If Those Columns Could Talk: An Icon in its Heyday

Courtesy of Chris Setterlund

Behind the stately white columns of a long-forgotten building lies an interior ripe with Cape Cod memories.

The former Columns Restaurant along Route 28 in West Dennis still stands today, but lately, it is ever easier to tell how its 150 years have not been kind to it.

Originally a sea captain’s home, the building has stood shuttered for 30 years, but was once a swinging spot for jazz. In its prime, The Columns was a rocking restaurant and club featuring some of the hottest names in regional jazz, such as Marie Marcus, Lou Colombo, Dave McKenna and others.

A Classic Cape Cod History

Like most of the region’s iconic buildings, The Columns structure belonged to and was built by a wealthy sea merchant. In 1861, Capt. Obed Baker built a distinguished home, without the larger columns it is now known for. It wasn’t until his daughter inherited the home that two-story columns in the front were added.

Much like Thompson’s Clam Bar and the Christopher Ryder House, The Columns’ heyday happened between the 1960s and 70s. Big band music banged out of its front doors and windows, wafting into the surrounding streets. Men dressed in linen suits stood around a bustling interior, asking bedazzled ladies to dance.

What Was Raised Beneath this Roof

Later, the club would become known for roosting the young talent of Dick Johnson and his contemporaries who played parts out of the Great American Songbook. Allen, Porter, Gershwin and other greats were common auditory auspices.

Although both ends of the Cape had Jazz Festivals, Falmouth and Provincetown were not necessarily the regional hubs of the genre while The Columns was open. The establishment kept Dennis and the Mid-Cape on the map for culture and entertainment. Regular performer Lou Colombo was himself noted as Dizzy Gillespie’s favorite trumpeter.

But as all good things come to an end, so did the Columns. It has stood vacant for over 20 years, with some efforts to restore and reopen but no true successes.

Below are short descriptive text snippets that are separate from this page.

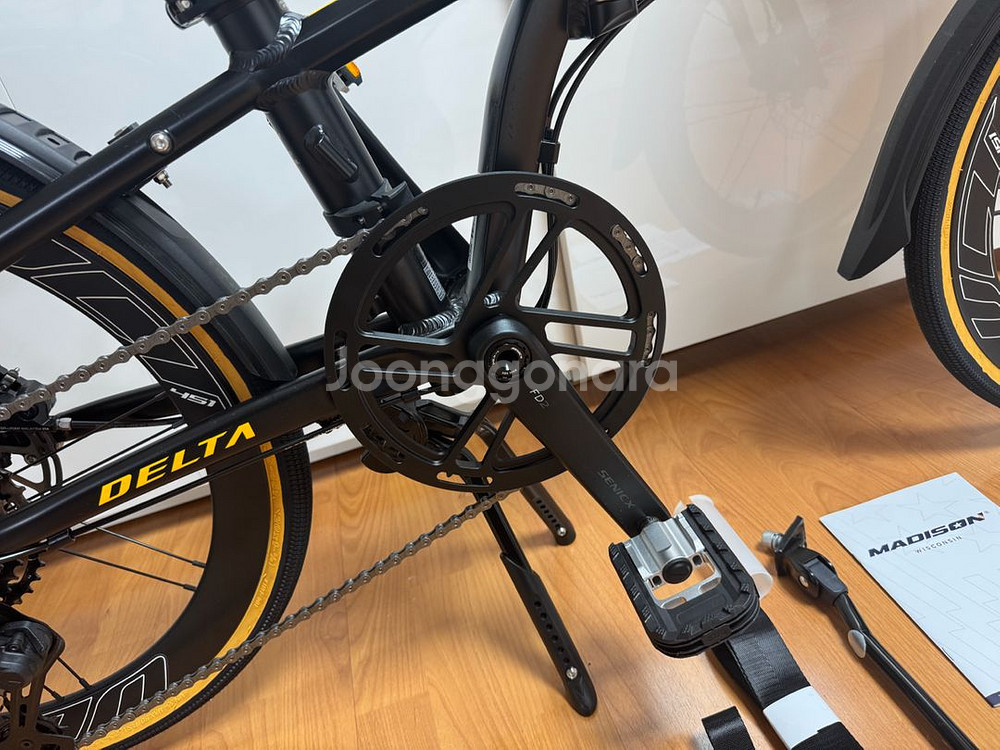 매디슨 뉴델타11 범블비 신동품--3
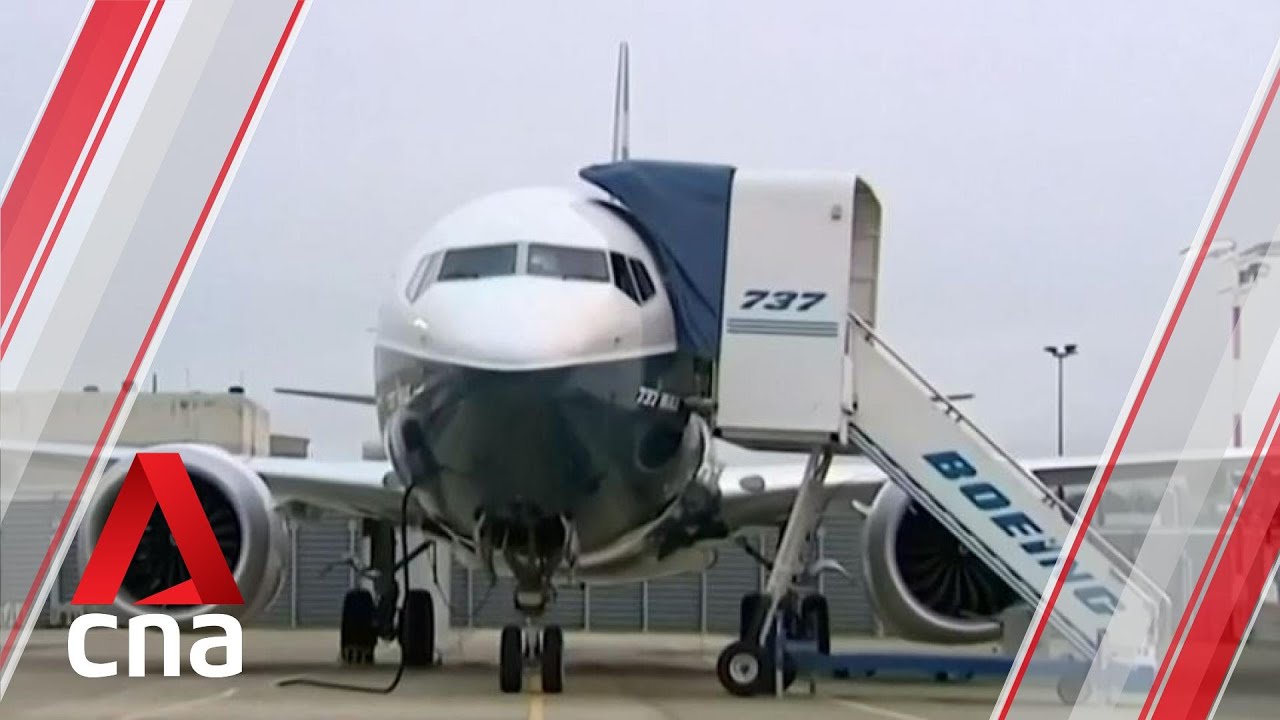 Boeing's 737 MAX set to fly again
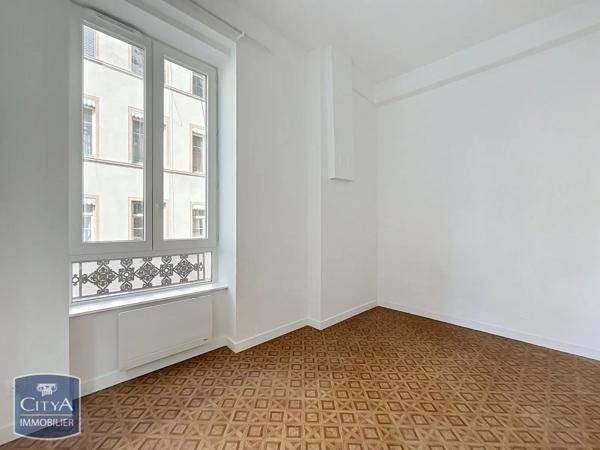 Appartement à louer 2 pièces 40.2m² Lyon (69001)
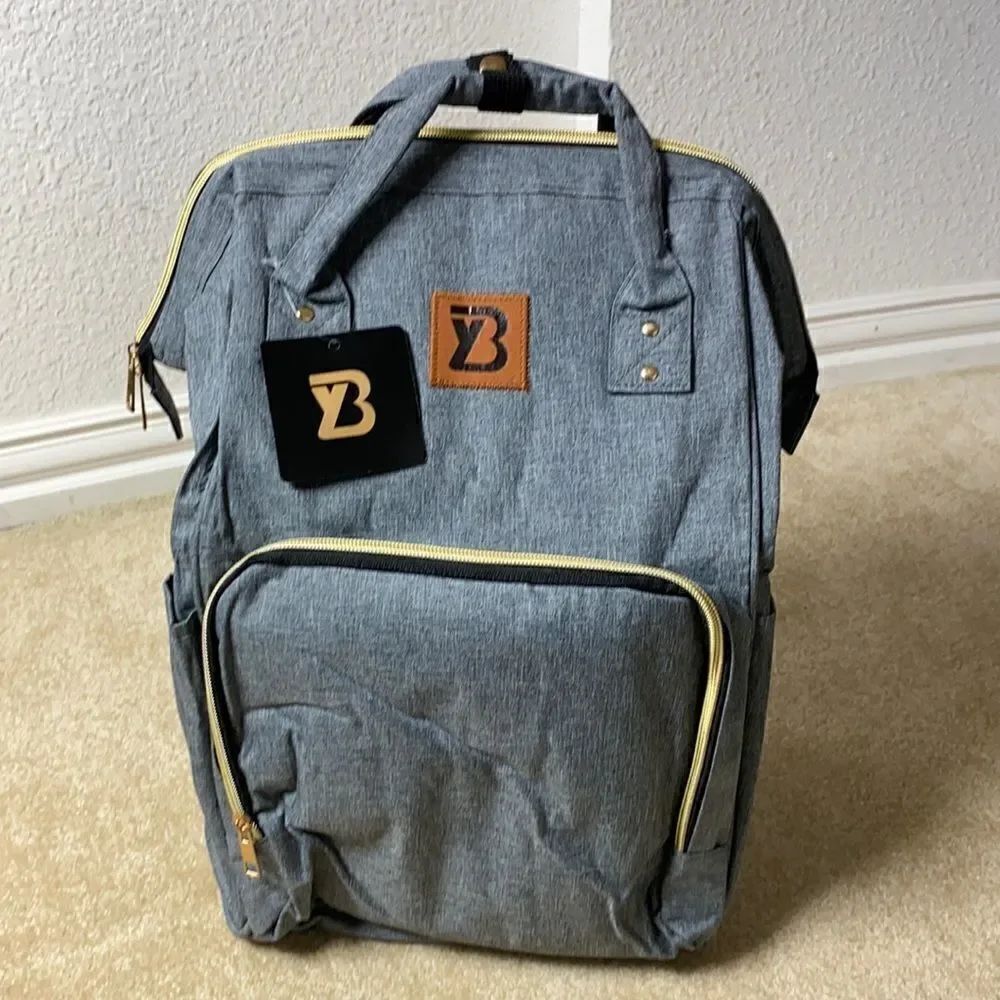 Diaper Bag Backpack - Brand New!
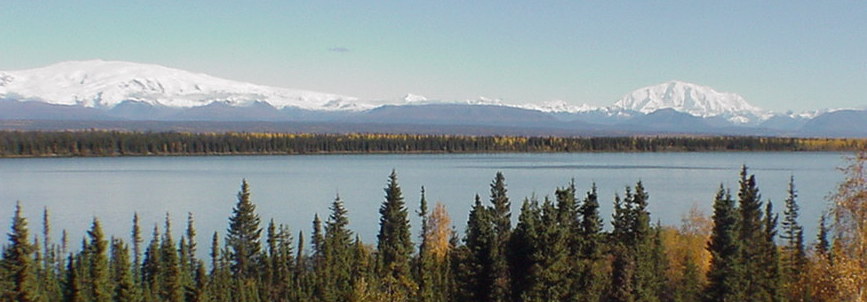 Wrangell Mtns. Photo by Margarete Jadamec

The building could still see some action, however. It’s been renovated multiple times and has remained on the market for years, but no new businesses have claimed it as their new home as of yet. It was most recently purchased by a famous Barnstable real estate developer; however, no official action has been taken on the property as of January 2017.

Until that point, it will simply have to sit there, harboring memories of many fanciful years gone by.